* **WHAT YOU HAVE TO DO**
Would you write out all of the records that follow, exactly as they stand?

* **Web page caption snippets**
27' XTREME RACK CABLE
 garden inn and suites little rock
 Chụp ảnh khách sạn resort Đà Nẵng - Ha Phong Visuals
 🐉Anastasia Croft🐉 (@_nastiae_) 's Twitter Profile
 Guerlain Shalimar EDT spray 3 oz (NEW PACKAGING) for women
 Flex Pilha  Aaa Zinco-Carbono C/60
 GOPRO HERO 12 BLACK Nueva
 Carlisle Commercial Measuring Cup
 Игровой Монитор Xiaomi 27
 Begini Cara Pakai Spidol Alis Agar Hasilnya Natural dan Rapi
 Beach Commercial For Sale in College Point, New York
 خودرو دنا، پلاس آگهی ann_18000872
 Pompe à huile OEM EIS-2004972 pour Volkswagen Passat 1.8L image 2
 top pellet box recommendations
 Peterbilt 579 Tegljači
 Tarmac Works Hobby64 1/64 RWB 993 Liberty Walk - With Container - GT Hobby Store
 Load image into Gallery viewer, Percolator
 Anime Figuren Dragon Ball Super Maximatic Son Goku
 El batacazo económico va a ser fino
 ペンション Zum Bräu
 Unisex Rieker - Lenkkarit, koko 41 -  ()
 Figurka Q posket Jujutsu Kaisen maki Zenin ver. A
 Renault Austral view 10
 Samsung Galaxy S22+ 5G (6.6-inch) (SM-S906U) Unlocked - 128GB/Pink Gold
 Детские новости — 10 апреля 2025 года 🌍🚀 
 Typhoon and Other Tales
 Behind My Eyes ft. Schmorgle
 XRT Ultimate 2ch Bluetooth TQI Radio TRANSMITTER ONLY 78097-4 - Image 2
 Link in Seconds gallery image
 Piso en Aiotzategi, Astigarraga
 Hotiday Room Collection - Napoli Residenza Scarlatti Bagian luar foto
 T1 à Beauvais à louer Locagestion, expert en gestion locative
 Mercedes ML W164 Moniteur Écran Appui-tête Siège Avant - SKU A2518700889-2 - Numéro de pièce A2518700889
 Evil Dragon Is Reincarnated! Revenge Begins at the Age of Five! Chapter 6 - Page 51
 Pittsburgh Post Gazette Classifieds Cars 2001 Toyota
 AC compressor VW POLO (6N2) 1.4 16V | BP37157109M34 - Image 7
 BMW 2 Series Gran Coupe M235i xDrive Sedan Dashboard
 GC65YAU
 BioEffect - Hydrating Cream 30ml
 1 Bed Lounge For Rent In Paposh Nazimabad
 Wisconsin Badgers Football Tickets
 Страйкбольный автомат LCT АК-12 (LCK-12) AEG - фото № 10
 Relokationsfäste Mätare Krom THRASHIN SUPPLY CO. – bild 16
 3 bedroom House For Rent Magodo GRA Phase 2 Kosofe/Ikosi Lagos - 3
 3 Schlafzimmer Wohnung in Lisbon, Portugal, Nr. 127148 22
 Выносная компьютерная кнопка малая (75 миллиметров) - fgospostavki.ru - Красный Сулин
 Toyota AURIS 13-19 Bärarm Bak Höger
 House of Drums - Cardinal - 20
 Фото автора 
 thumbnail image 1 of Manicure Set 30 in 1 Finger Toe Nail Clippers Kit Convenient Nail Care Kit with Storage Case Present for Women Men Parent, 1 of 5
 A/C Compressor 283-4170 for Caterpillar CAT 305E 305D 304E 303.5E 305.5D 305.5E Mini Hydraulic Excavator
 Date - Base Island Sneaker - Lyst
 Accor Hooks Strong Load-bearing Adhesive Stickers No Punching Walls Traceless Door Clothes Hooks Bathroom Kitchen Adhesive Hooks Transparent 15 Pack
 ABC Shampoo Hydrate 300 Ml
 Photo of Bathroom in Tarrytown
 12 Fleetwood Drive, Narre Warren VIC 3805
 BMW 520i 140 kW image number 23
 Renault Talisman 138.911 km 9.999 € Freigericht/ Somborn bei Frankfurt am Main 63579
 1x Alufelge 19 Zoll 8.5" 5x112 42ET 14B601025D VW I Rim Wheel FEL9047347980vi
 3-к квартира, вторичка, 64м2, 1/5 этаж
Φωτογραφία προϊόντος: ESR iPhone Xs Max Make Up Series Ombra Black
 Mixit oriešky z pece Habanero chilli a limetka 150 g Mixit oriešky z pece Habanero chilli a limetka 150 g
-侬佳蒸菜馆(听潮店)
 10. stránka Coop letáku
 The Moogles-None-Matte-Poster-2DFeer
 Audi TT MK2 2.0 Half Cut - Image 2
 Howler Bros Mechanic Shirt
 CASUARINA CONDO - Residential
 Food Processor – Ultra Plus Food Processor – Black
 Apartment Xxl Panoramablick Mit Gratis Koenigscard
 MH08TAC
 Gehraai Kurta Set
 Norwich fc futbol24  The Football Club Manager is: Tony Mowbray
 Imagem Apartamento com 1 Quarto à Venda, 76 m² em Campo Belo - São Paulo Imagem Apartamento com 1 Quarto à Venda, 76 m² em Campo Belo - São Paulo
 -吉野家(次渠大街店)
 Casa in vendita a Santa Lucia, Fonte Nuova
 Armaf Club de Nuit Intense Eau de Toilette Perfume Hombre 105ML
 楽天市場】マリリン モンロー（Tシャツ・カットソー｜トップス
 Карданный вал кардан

* **SOLUTION TO THIS TASK**
27' XTREME RACK CABLE
 garden inn and suites little rock
 Chụp ảnh khách sạn resort Đà Nẵng - Ha Phong Visuals
 🐉Anastasia Croft🐉 (@_nastiae_) 's Twitter Profile
 Guerlain Shalimar EDT spray 3 oz (NEW PACKAGING) for women
 Flex Pilha  Aaa Zinco-Carbono C/60
 GOPRO HERO 12 BLACK Nueva
 Carlisle Commercial Measuring Cup
 Игровой Монитор Xiaomi 27
 Begini Cara Pakai Spidol Alis Agar Hasilnya Natural dan Rapi
 Beach Commercial For Sale in College Point, New York
 خودرو دنا، پلاس آگهی ann_18000872
 Pompe à huile OEM EIS-2004972 pour Volkswagen Passat 1.8L image 2
 top pellet box recommendations
 Peterbilt 579 Tegljači
 Tarmac Works Hobby64 1/64 RWB 993 Liberty Walk - With Container - GT Hobby Store
 Load image into Gallery viewer, Percolator
 Anime Figuren Dragon Ball Super Maximatic Son Goku
 El batacazo económico va a ser fino
 ペンション Zum Bräu
 Unisex Rieker - Lenkkarit, koko 41 -  ()
 Figurka Q posket Jujutsu Kaisen maki Zenin ver. A
 Renault Austral view 10
 Samsung Galaxy S22+ 5G (6.6-inch) (SM-S906U) Unlocked - 128GB/Pink Gold
 Детские новости — 10 апреля 2025 года 🌍🚀 
 Typhoon and Other Tales
 Behind My Eyes ft. Schmorgle
 XRT Ultimate 2ch Bluetooth TQI Radio TRANSMITTER ONLY 78097-4 - Image 2
 Link in Seconds gallery image
 Piso en Aiotzategi, Astigarraga
 Hotiday Room Collection - Napoli Residenza Scarlatti Bagian luar foto
 T1 à Beauvais à louer Locagestion, expert en gestion locative
 Mercedes ML W164 Moniteur Écran Appui-tête Siège Avant - SKU A2518700889-2 - Numéro de pièce A2518700889
 Evil Dragon Is Reincarnated! Revenge Begins at the Age of Five! Chapter 6 - Page 51
 Pittsburgh Post Gazette Classifieds Cars 2001 Toyota
 AC compressor VW POLO (6N2) 1.4 16V | BP37157109M34 - Image 7
 BMW 2 Series Gran Coupe M235i xDrive Sedan Dashboard
 GC65YAU
 BioEffect - Hydrating Cream 30ml
 1 Bed Lounge For Rent In Paposh Nazimabad
 Wisconsin Badgers Football Tickets
 Страйкбольный автомат LCT АК-12 (LCK-12) AEG - фото № 10
 Relokationsfäste Mätare Krom THRASHIN SUPPLY CO. – bild 16
 3 bedroom House For Rent Magodo GRA Phase 2 Kosofe/Ikosi Lagos - 3
 3 Schlafzimmer Wohnung in Lisbon, Portugal, Nr. 127148 22
 Выносная компьютерная кнопка малая (75 миллиметров) - fgospostavki.ru - Красный Сулин
 Toyota AURIS 13-19 Bärarm Bak Höger
 House of Drums - Cardinal - 20
 Фото автора 
 thumbnail image 1 of Manicure Set 30 in 1 Finger Toe Nail Clippers Kit Convenient Nail Care Kit with Storage Case Present for Women Men Parent, 1 of 5
 A/C Compressor 283-4170 for Caterpillar CAT 305E 305D 304E 303.5E 305.5D 305.5E Mini Hydraulic Excavator
 Date - Base Island Sneaker - Lyst
 Accor Hooks Strong Load-bearing Adhesive Stickers No Punching Walls Traceless Door Clothes Hooks Bathroom Kitchen Adhesive Hooks Transparent 15 Pack
 ABC Shampoo Hydrate 300 Ml
 Photo of Bathroom in Tarrytown
 12 Fleetwood Drive, Narre Warren VIC 3805
 BMW 520i 140 kW image number 23
 Renault Talisman 138.911 km 9.999 € Freigericht/ Somborn bei Frankfurt am Main 63579
 1x Alufelge 19 Zoll 8.5" 5x112 42ET 14B601025D VW I Rim Wheel FEL9047347980vi
 3-к квартира, вторичка, 64м2, 1/5 этаж
Φωτογραφία προϊόντος: ESR iPhone Xs Max Make Up Series Ombra Black
 Mixit oriešky z pece Habanero chilli a limetka 150 g Mixit oriešky z pece Habanero chilli a limetka 150 g
-侬佳蒸菜馆(听潮店)
 10. stránka Coop letáku
 The Moogles-None-Matte-Poster-2DFeer
 Audi TT MK2 2.0 Half Cut - Image 2
 Howler Bros Mechanic Shirt
 CASUARINA CONDO - Residential
 Food Processor – Ultra Plus Food Processor – Black
 Apartment Xxl Panoramablick Mit Gratis Koenigscard
 MH08TAC
 Gehraai Kurta Set
 Norwich fc futbol24  The Football Club Manager is: Tony Mowbray
 Imagem Apartamento com 1 Quarto à Venda, 76 m² em Campo Belo - São Paulo Imagem Apartamento com 1 Quarto à Venda, 76 m² em Campo Belo - São Paulo
 -吉野家(次渠大街店)
 Casa in vendita a Santa Lucia, Fonte Nuova
 Armaf Club de Nuit Intense Eau de Toilette Perfume Hombre 105ML
 楽天市場】マリリン モンロー（Tシャツ・カットソー｜トップス
 Карданный вал кардан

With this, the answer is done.